I have two threads. I am invoking one (the SocketThread ) first and then from that one I am invoking another thread (the 'ProcessThread'). My issue is that, during the execution the CPU usage is 50%. It reduces to 0% when I add TimeUnit.NANOSECONDS.sleep(1) in the ProcessThread run method. Is this the right method to modify? Or any advice in general for reducing the CUP utilization.

Below is my code:

public class SocketThread extends Thread {
    private Set<Object> setSocketOutput = new HashSet<Object>(1, 1);
    private BlockingQueue<Set<Object>> bqSocketOutput;

    ProcessThread pThread;  

    @Override
    public void run() {
        pThread = new ProcessThread(bqSocketOutput);
        pThread.start();
        for(long i=0; i<= 30000; i++) {
            System.out.println("SocketThread - Testing" + i);
        }
    }

}

public class ProcessThread extends Thread {

    public ProcessThread(BlockingQueue<Set<Object>> bqTrace) {
        System.out.println("ProcessThread - Constructor");
    }

    @Override
    public void run() {
        System.out.println("ProcessThread - Exectution");
        while (true) {

            /*
            try {
                TimeUnit.NANOSECONDS.sleep(1);
            } catch (InterruptedException e) {
                // TODO Auto-generated catch block
                e.printStackTrace();
            }*/
        }
    }
}

You can "reduce the CPU utilization" by sleeping threads, but that means that you are not getting any work done on those threads (or if you are, it's getting done dramatically slower than if you just let the threads run full-out). It's like saying you can reduce fuel consumption in your car by stopping every few miles and turning the engine off.

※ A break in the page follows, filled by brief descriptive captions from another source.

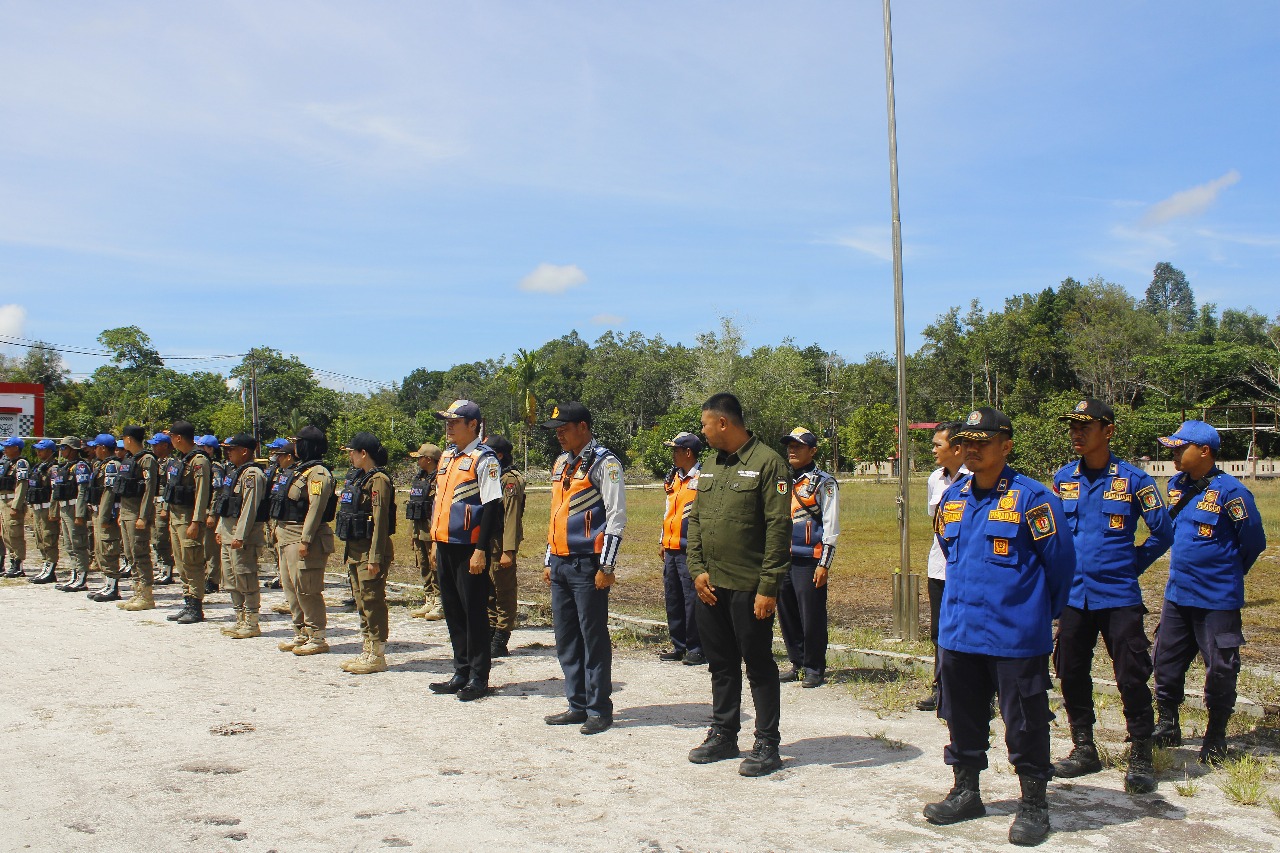 Satuan Polisi Pamong Praja dan Pemadam kebakaran Kabupaten Katingan Dalam Rangka Penertiban Dan Penataan Pasar serta Pedagang Kaki Lima di Wilayah Kecamatan Katingan Hilir Kabupaten Katingan Tahun 2025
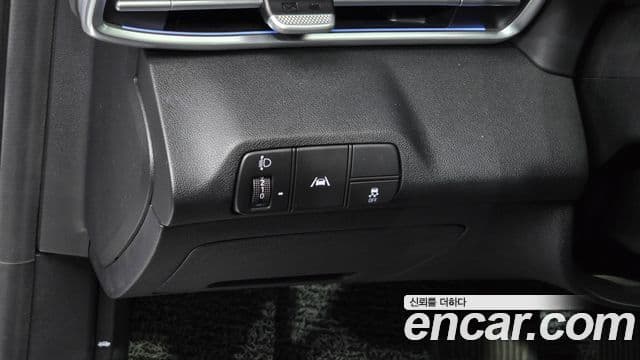 Hyundai Avante 2020 — ფოტო 13/20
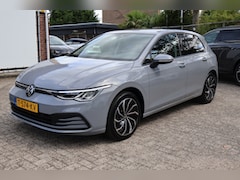 Volkswagen Golf - 1.0 eTSI Life NL-Auto / Virtual / Clima / Nardo grey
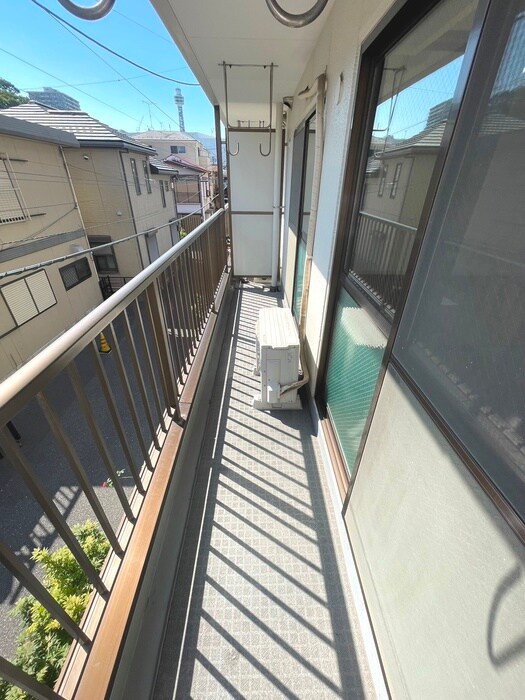 新山下三番館の物件内観写真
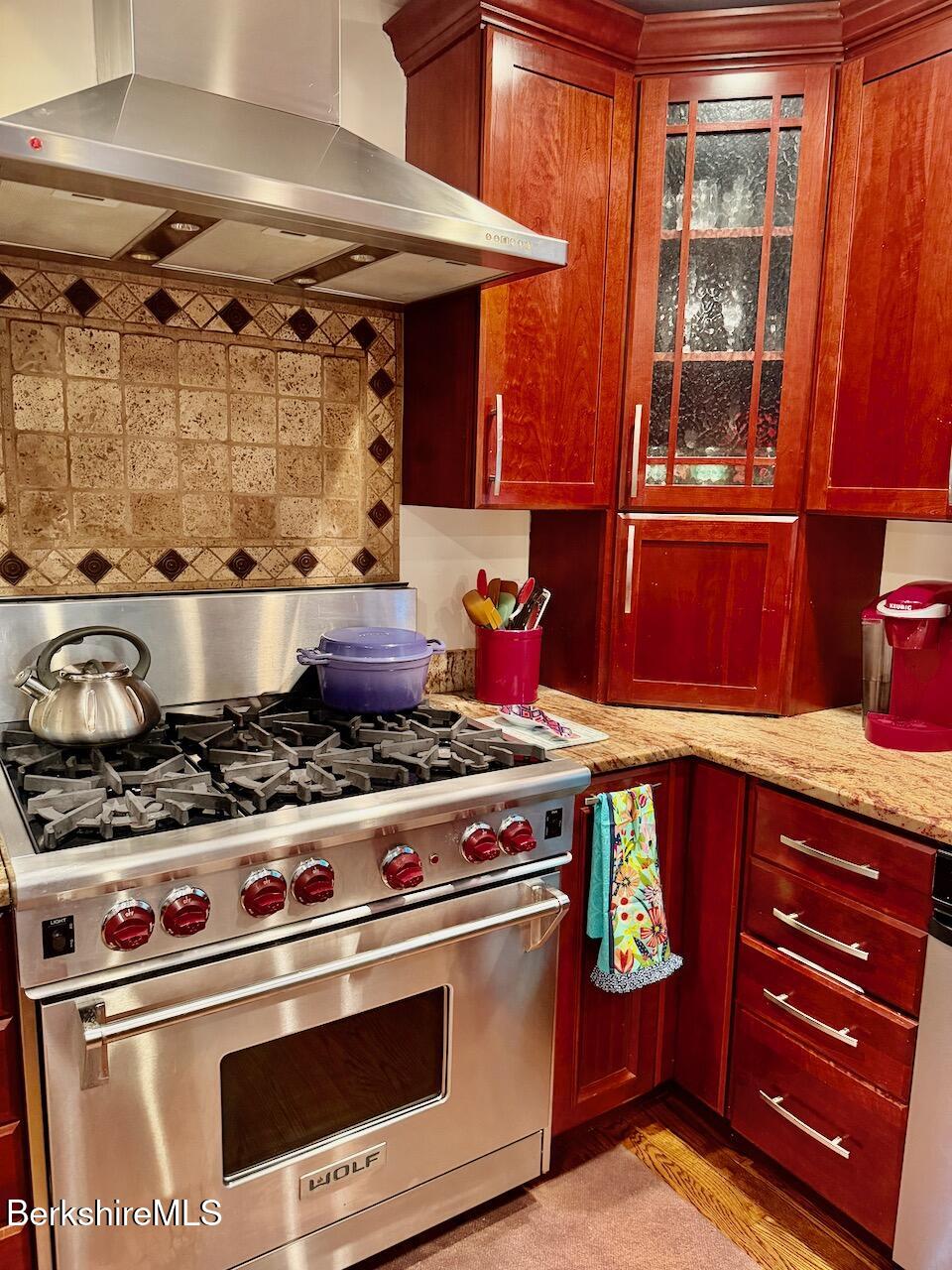 166 East Dugway Road Lenox, MA 01240 - Photo 17 of 66 6 burner Wolf Range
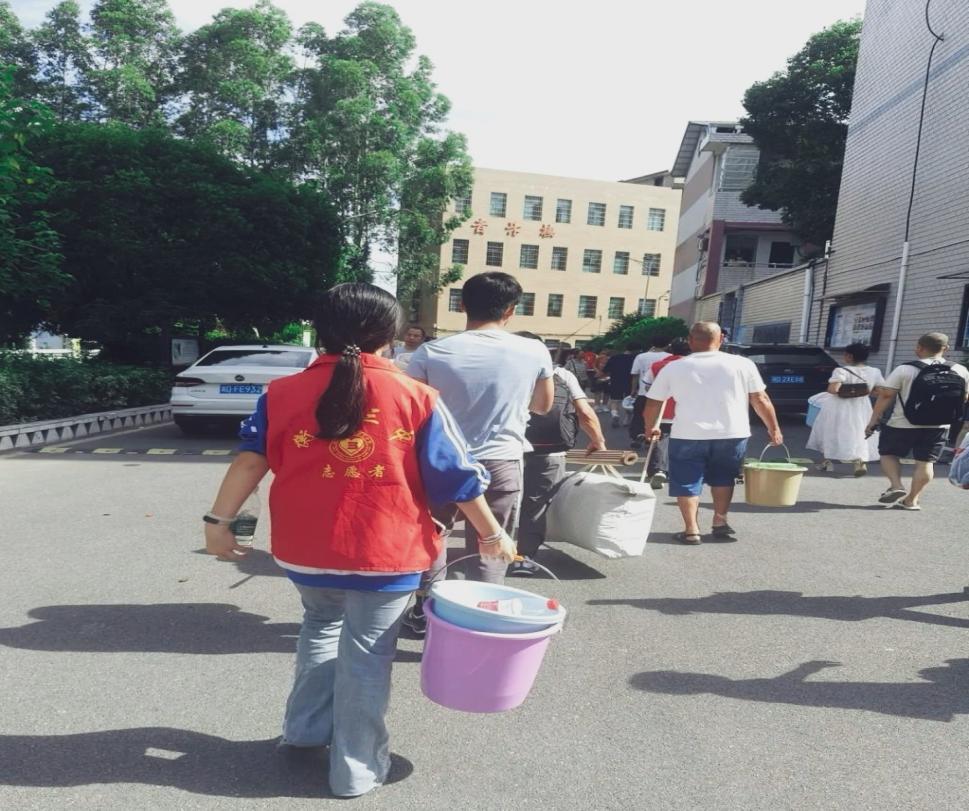 衡南三中“红马甲”志愿行暖心迎新生，传递校园正能量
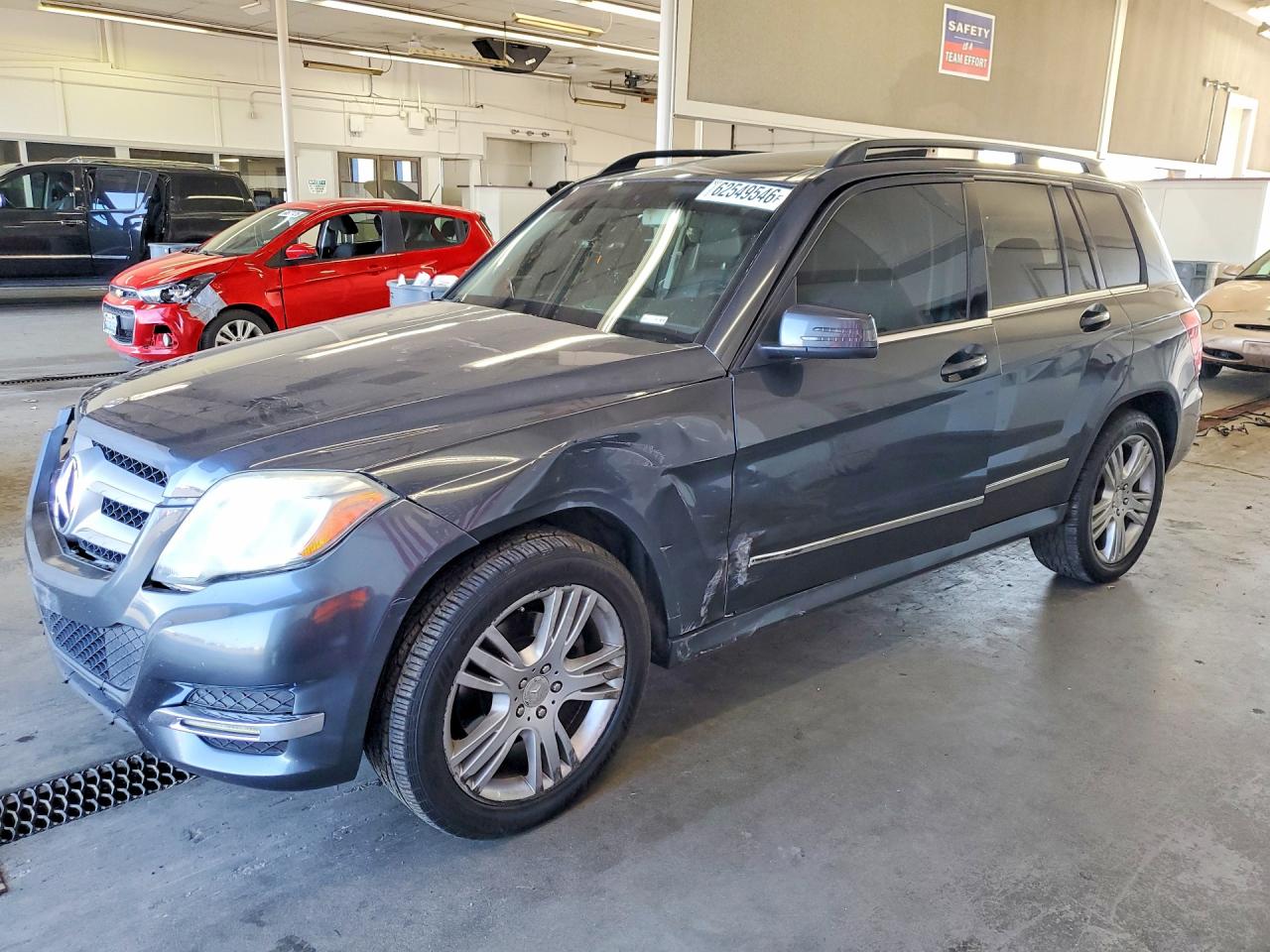 2013 Mercedes-Benz GLK 350, VIN WDCGG8JB5DG129562 — Front end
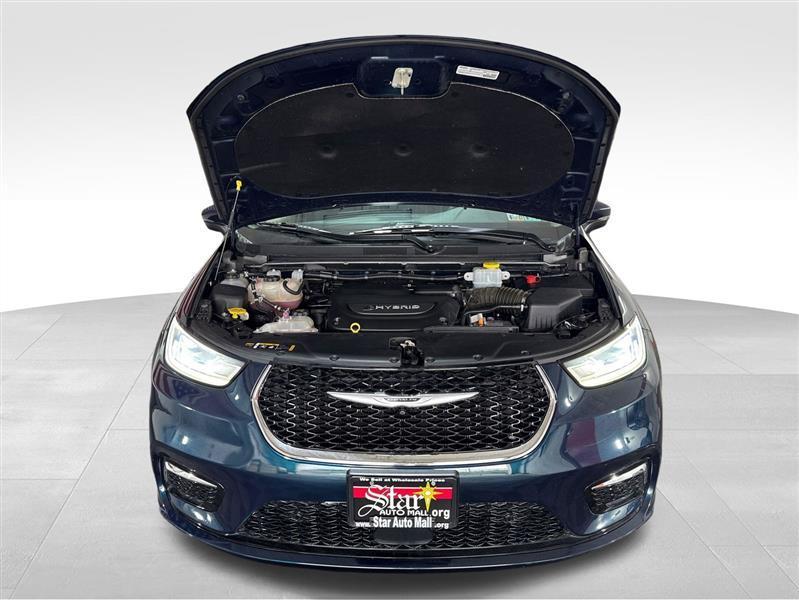 Chrysler Pacifica Hybrid Touring L 2023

Typically a while(true) loop being run without some sort of blocking thread synchronization (like a .Wait() , or in your situation, a BlockingQueue.take() as @Martin-James suggests) is a code smell and indicates code that should be refactored.

If your worker thread waits on the blocking queue by calling take() it should not consume CPU resources.

If its in a tight loop that does nothing (as the code in the example suggests) then of course it will consume resources. Calling sleep inside a loop as a limiter probably isn't the best idea.

You have two tight loops that will hog the CPU as long there's work to be done. Sleeping is one way to slow down your application (and decrease CPU utilization) but it's rarely, if ever, the desired result.

If you insist on sleeping, you need to increase your sleep times to be at least 20 milliseconds and tune from there. You can also look into sleeping after a batch of tasks. You'll also need a similar sleep in the SocketThread print loop.